Major customers such as governments and large corporations are critical if Linux is ever to knock out the Windows monopoly, according to an upcoming economic study authored by two Harvard faculty members.
The academic paper, “Dynamic Mixed Duopoly: A Model Motivated by Linux vs. Windows,” was written by assistant professor Ramon Casadesus-Masanell and professor Pankaj Ghemawat of the Harvard Business School, and will be published in a special issue of Management Science.
The two based their research on a simplified economic model attempting to re-create the dynamics of Windows’ competition with Linux, where Windows has market share and profitability on its side, while Linux benefits from a faster development cycle and lower cost.
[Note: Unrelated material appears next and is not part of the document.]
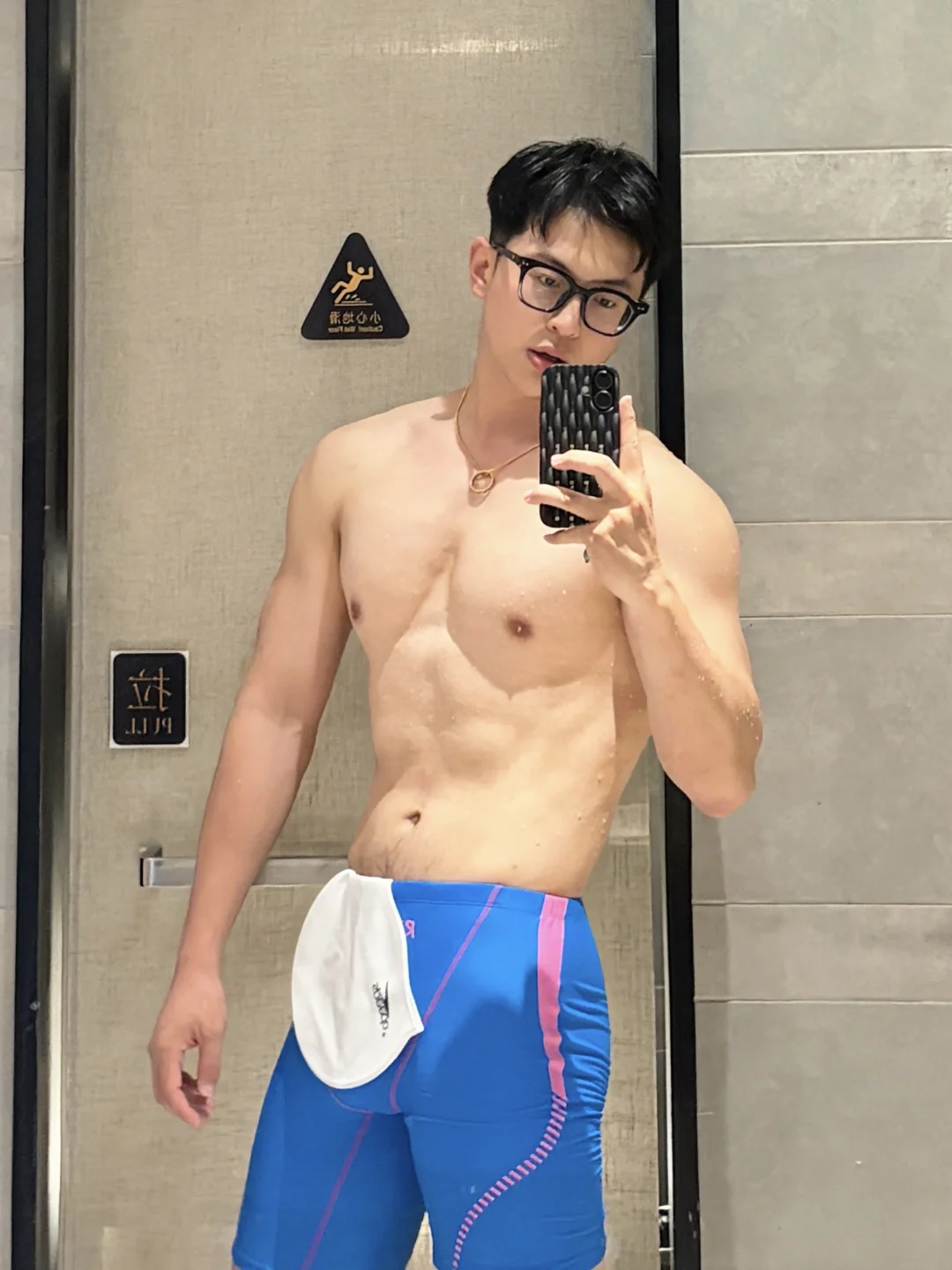 谁说游泳不能练腹肌啊！🏊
Casadesus-Masanell and Ghemawat found, to their surprise, that Linux’s advantages by themselves didn’t mean Linux would ultimately oust Windows, because of Windows’ initially dominant market share.
“This result holds true regardless of the strength of Linux’s demand-side learning. Furthermore, the result persists regardless of the intrinsically better design and potential differential value of Linux,” they said in an interview with Working Knowledge, a Harvard Business School publication. “In other words, harnessing demand-side learning more efficiently is not sufficient for Linux to win the competitive battle against Windows.”
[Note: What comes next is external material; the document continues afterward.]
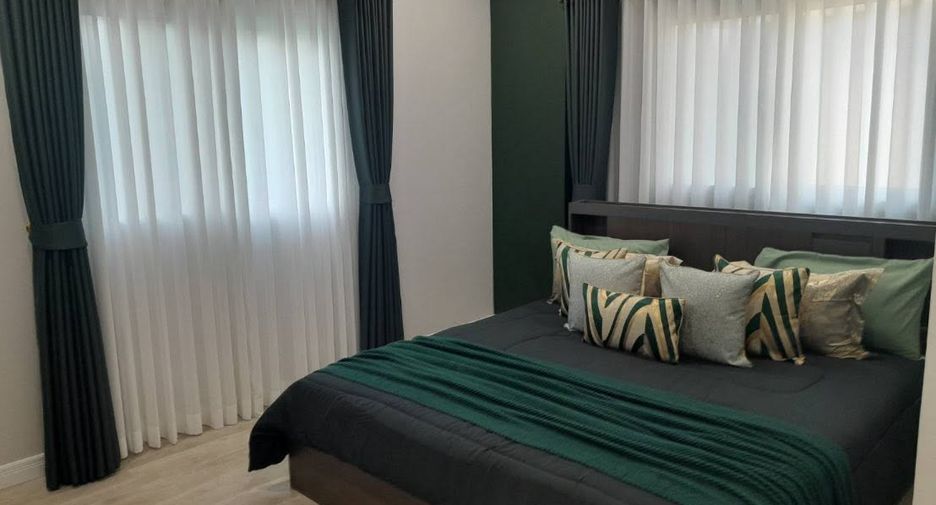 For sale 4 ベッドルーム house in Bang Lamung, Chonburi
Demand-side learning is the researchers’ term for the open-source development model’s ability to take advantage of suggestions and contributions from users.
One factor that could allow Linux to win is “strategic buyers”—large organizations such as governments and big companies, which commit to buying Linux because they feel more comfortable having access to source code. “This may be one main reason why Microsoft has been providing chunks of Windows’ source code to governments,” the researchers said.
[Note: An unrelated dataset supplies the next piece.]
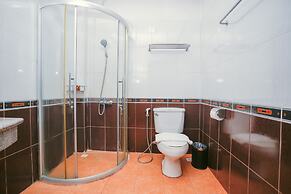 E-Outfitting Vang Thong Hotel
Another surprise was that the spread of improperly licensed copies of Windows can actually help Microsoft, as long as it’s mostly going to people who wouldn’t ordinarily be paying for the software. That’s because the more people using the software, the greater its network effects, which make the software more valuable and allow Microsoft to charge more.
Windows piracy also helps to dampen enthusiasm for Linux, they said. “We found that in countries where piracy is highest, Linux has the lowest penetration rate,” said Casadesus-Masanell and Ghemawat.
The third finding that surprised the two researchers was that Linux doesn’t necessarily imply better “social welfare” effects than Windows. Whatever positive effects open source may offer, Linux’s popularity means that developers aren’t working to full efficiency, since they’re dividing their efforts between two operating systems.
“With a monopoly, the efforts to develop new software and improve the platform are directed towards one system only, and this may turn out to be better from a social welfare perspective,” the researchers said.
The findings suggest particular ways Microsoft can hobble Linux, which largely are things Microsoft is already doing—such as attempting to increase its own “demand-side learning,” as well as making it as difficult as possible for Windows applications and Microsoft Office documents to run on Linux.
Microsoft can’t expect it to be easy to win against Linux, however. “Given that Linux was born in 1992 in an industry already dominated by Microsoft, and given that the financial motive is secondary, it will be very hard for anyone to oust Linux,” the authors said.
The researchers admit that the formal economic model they’ve constructed is highly simplified, and may not reflect important factors that exist in the real world.
One issue they’re planning to research in the future, for example, is the mysterious incentive to contribute to open source in the first place. “The economic approach may shed light on why supposedly rational individuals are willing to spend valuable time and effort without extrinsic, financial incentives,” the researchers said.
Only an economist could ponder why people might do something for anything other than money.